Als IT-Unternehmen verfügen wir natürlich über eine geeignete und leistungsfähige technische Infrastruktur, und bis auf einige notwendige Hardware-Transporte von Workstations, Bildschirmen und ähnlichem waren die Software-Entwicklung und auch die anderen Bereiche bei CONTACT in weniger als einem Tag einsatzbereit.

Neben unserem Headquarter in Bremen betreiben wir Entwicklungsstandorte in München, Köln, Paderborn sowie Stuttgart und arbeiten häufig mit externen Partnern zusammen. Deshalb sind Kommunikationsmittel wie E-Mail, Telefonieren über Voice-over-IP, Microsoft Teams und so weiter für unsere technik-affinen Software-Entwickler sowieso alltäglich.

Was unsere Entwicklung jedoch wirklich zusammenhält, sind die gemeinsamen Prozesse und Vorgehensweisen, und die dazugehörigen Systeme. Die wichtigste Unternehmensplattform ist unsere Inhouse-Installation von CONTACT Elements, kurz CEDM genannt. Alles was wir tun, läuft dort zusammen, und alle anderen IT-Systeme sind mit CONTACT Elements verbunden.

Über den Activity Stream von CONTACT Elements können wir Informationen und Dokumente gezielt und schnell teilen.

Produkte
Jeder Software-Baustein von CONTACT Elements wird in unserer Elements Inhouse-Installation als Produkt geführt. Die Quelltexte unserer Fachanwendungen verwalten wir in Git- oder Subversion-Repositories, die mit dem Produktobjekt verbunden sind. Aus dem Feld auflaufende Fehler oder Änderungswünsche für die Software-Produkte werden als „Change Requests“ in Elements verwaltet. Wenn diese zu Code-Änderungen führen, erfolgt eine direkte Verlinkung zwischen einem Change-Request und einer Quelltextänderung (einem „Commit“) in Git oder Subversion. Außerdem führen wir in CONTACT Elements natürlich eine Liste der Produkt-Releases und dem jeweiligen Reifegrad.

Unsere Entwicklungsprozesse sind hochgradig automatisiert und naturgemäß vollständig digital. So betreiben wir viele weitere Systeme, die Software automatisch bauen, testen und vermessen. Alle diese Systeme sind direkt oder mittelbar mit CONTACT Elements verbunden.

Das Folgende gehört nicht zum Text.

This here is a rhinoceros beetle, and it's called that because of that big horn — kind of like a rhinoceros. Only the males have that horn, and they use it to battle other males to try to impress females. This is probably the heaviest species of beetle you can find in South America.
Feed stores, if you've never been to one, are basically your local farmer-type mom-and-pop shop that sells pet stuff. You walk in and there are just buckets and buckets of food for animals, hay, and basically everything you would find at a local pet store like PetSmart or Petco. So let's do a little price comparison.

Jede Stunde, die ein Entwickler mit der Pflege oder Weiterentwicklung einer Software-Komponente verbringt, wird mit der Zeiterfassung in CONTACT Elements verbucht. So haben wir jederzeit einen Überblick darüber, in welchem Umfang wir in Software-Bausteine investieren und was die Wartung kostet.

Projekte
Unsere Entwicklungsmethodik verbindet mehrere agile Methoden mit für unser Unternehmen spezifischen Erweiterungen. Sie heißt „Revolution“ und ist durch Vorlagen für Projekte, die durch „Tayloring“ angepasst werden können, in CONTACT Elements hinterlegt. In „Revolution“ gibt es darüber hinaus eine Reihe von Liefergegenständen (Deliverables), die in CONTACT Elements als Dokumente aus Vorlagen ausgeprägt werden. Anforderungen legen wir als Spezifikationen im Requirements-Management von CONTACT Elements an. Die Projektplanung erfolgt in Iterationen, die mit Task Boards geplant und bearbeitet werden.

Task Board zu einem aktuellen Entwicklungsprojekt bei CONTACT.

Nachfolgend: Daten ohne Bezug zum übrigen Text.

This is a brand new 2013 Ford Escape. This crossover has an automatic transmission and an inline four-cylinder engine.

Im Ergebnis sind damit alle Informationen, die für unsere Entwicklung bedeutsam sind, in einem System auffindbar und miteinander verbunden. Alle Mitarbeiterinnen und Mitarbeiter sind mit den Begrifflichkeiten bestens vertraut, jederzeit in der Lage auf die relevanten Informationen zuzugreifen, und werden von den Systemen zu den richtigen nächsten Aktivitäten geführt.

Fazit
In der gegenwärtigen Krise schafft diese System- und Prozesslandschaft Vertrauen und Handlungsfähigkeit. Sie hat es uns ermöglicht, praktisch von einem Augenblick auf den anderen auf Remote-Arbeit umzustellen, ohne dass es Verwerfungen gibt. Hinzu kommt, dass es dank der Veränderungsbereitschaft unserer Belegschaft und der ohnehin vorhandenen Neigung zu technischen Kommunikationsmitteln gelungen ist, die persönliche Interaktion und Meetings mittels Video-Chats und Web-Konferenzen ins Internet zu verlagern.